Task description | What should be copied is the stretch of entries below from the line with "SECOP-DANFOSS 195B0340, 1/12" up to and including the line with "Universal Clip On", exactly and without images.

Listed entries |
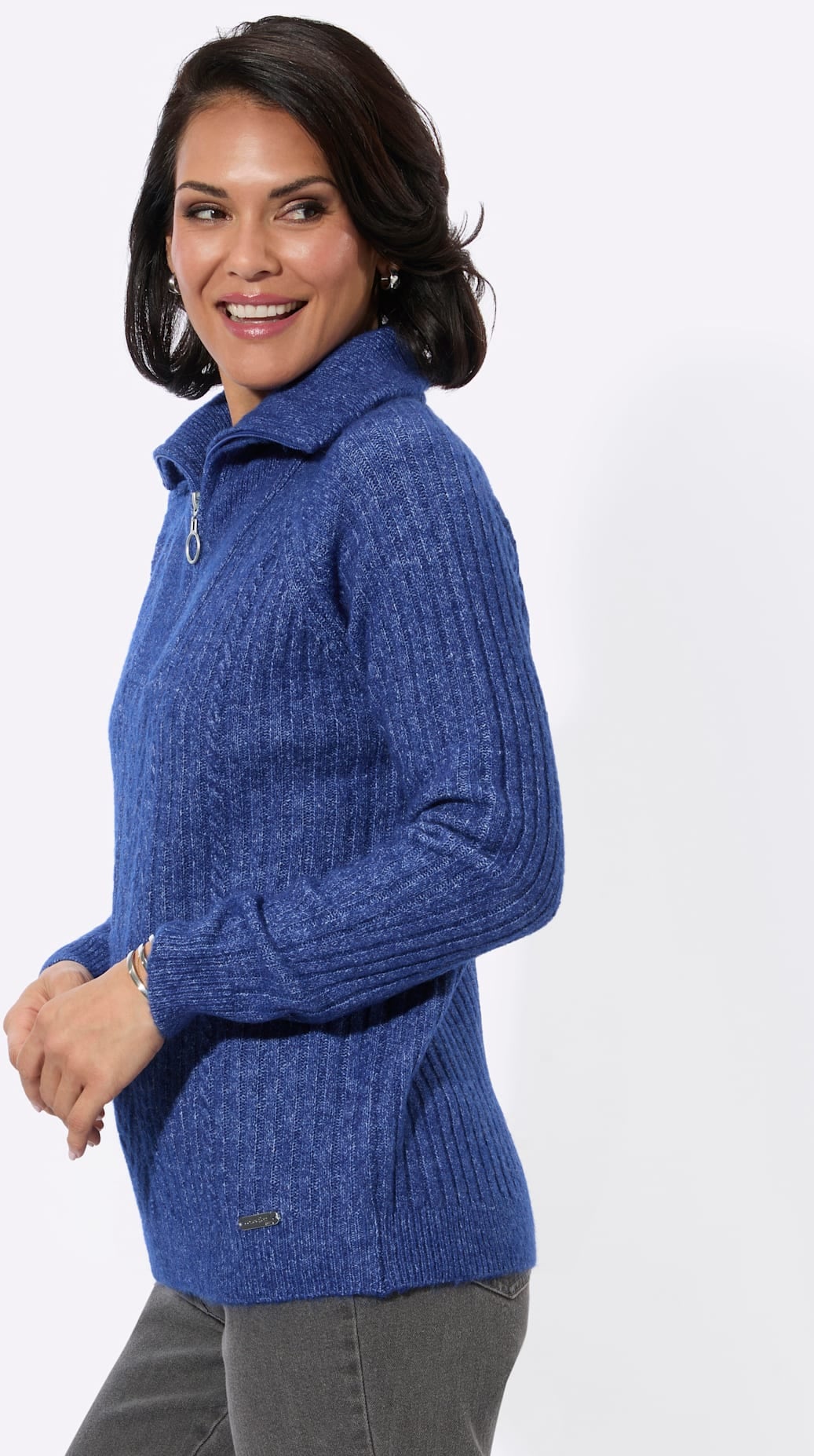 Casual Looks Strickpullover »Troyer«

* * *

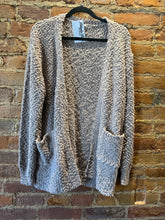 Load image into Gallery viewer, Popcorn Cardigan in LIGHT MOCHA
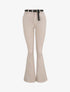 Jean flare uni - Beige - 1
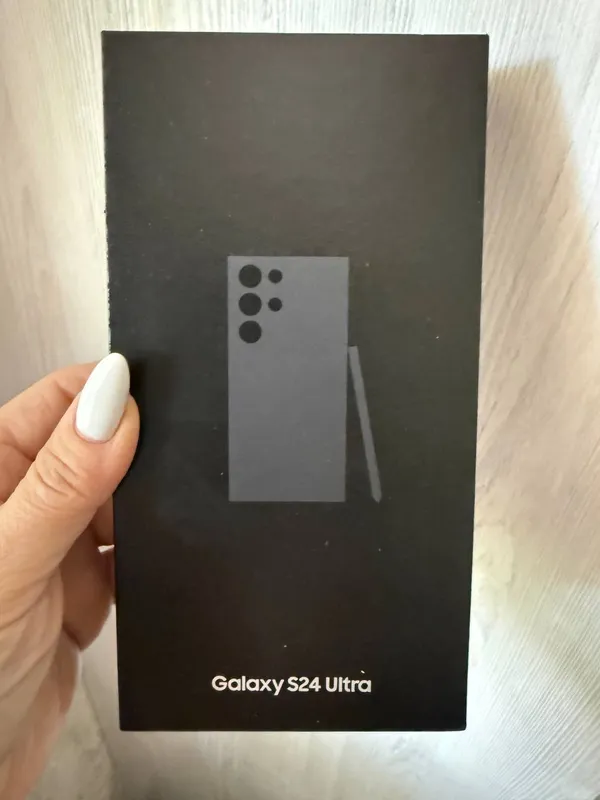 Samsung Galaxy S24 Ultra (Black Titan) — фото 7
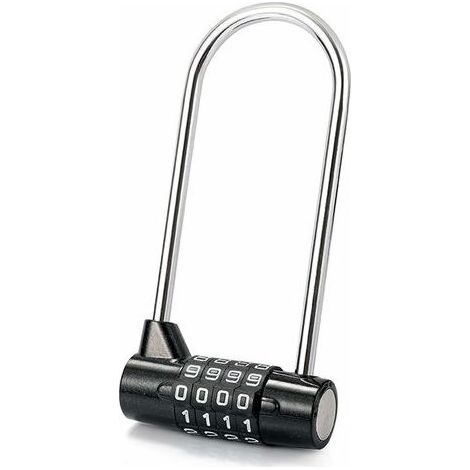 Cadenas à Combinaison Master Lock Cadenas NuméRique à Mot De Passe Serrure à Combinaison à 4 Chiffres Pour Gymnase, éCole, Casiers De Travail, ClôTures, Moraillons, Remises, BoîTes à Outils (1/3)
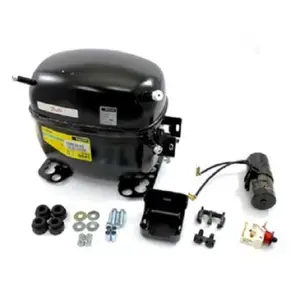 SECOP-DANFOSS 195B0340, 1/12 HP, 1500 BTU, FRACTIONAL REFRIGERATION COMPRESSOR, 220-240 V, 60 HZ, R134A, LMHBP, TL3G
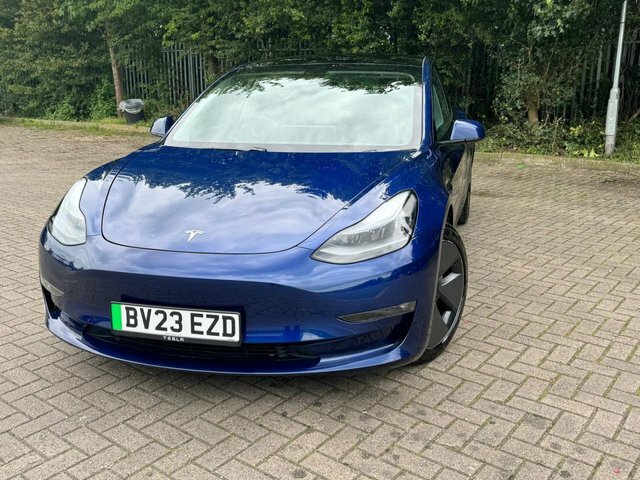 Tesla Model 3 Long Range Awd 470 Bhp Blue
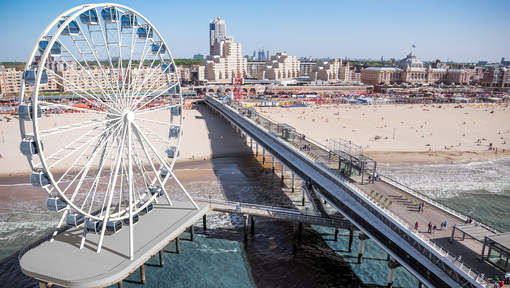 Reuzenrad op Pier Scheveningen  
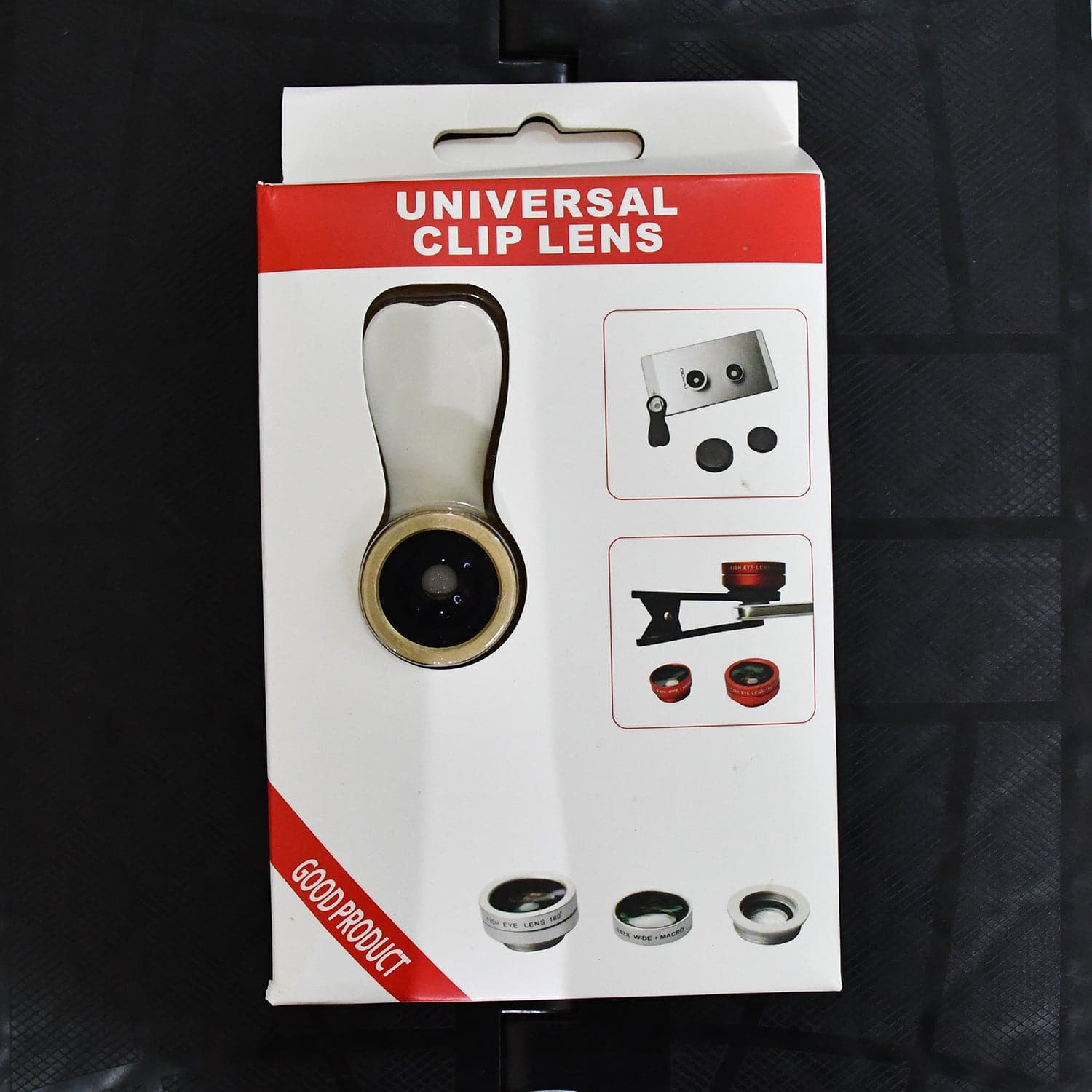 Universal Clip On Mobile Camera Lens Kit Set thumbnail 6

Written response |
 SECOP-DANFOSS 195B0340, 1/12 HP, 1500 BTU, FRACTIONAL REFRIGERATION COMPRESSOR, 220-240 V, 60 HZ, R134A, LMHBP, TL3G
 Tesla Model 3 Long Range Awd 470 Bhp Blue
 Reuzenrad op Pier Scheveningen  
 Universal Clip On Mobile Camera Lens Kit Set thumbnail 6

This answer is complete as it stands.